To determine induced scratching, the number of scratch movements during the whole presentation of the EV and CV was counted by two independent raters. Before counting, the raters were instructed by an experienced dermatologist (UG) on how to differentiate between scratching and simple touching. Scratching was defined as any movement including rubbing, while touching was characterized as movements of an extremity without rubbing (also see 15)). The interrater-reliability was highly significant with r ≥ 0.88; p ≤ 0.001 in all cases.

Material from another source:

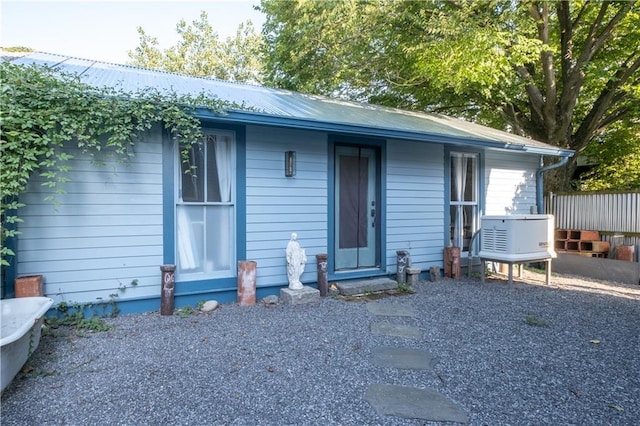 623-25 Louisa St, New Orleans, LA 70117 - view of front facade with a metal roof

Additional variables. In addition, the Patient-Oriented-SCORAD (PO-SCORAD; 21) was measured in order to be able to determine the severity of AD. The PO-SCORAD is an instrument which assesses the extent of the skin symptoms as well as the intensity of 6 objective and two subjective symptoms (21).

Procedure

Patients and healthy controls came in groups of 3 or 4 to our observation laboratory. Patients and healthy controls were examined separately. The study was announced as a study on “the evaluation of teaching material concerning our skin and its function”. This title was chosen to blind the subjects to the real intention of the study. Thus, they did not know that the videos were supposed to induce itch and scratching. As soon as they arrived at our laboratory, all participants were asked to sit down in a dimly-lit room. The participants were separated by divider walls in order not to influence each other. They were also asked not to talk to each other, drink or eat during the investigation. After giving their written informed consent, they were then presented with 3 videos in counterbalanced order (also see itch induction). In between the video presentations a 20-min wash-out period took place, during which the patients filled in validated questionnaires to assess the predictor and control variables. At the end of the investigation all participants were debriefed on the real intention of the study and had the possibility to ask questions about the study (for the procedure of the study, also see Table I). For this study, we were only interested in the reaction to one of the EVs.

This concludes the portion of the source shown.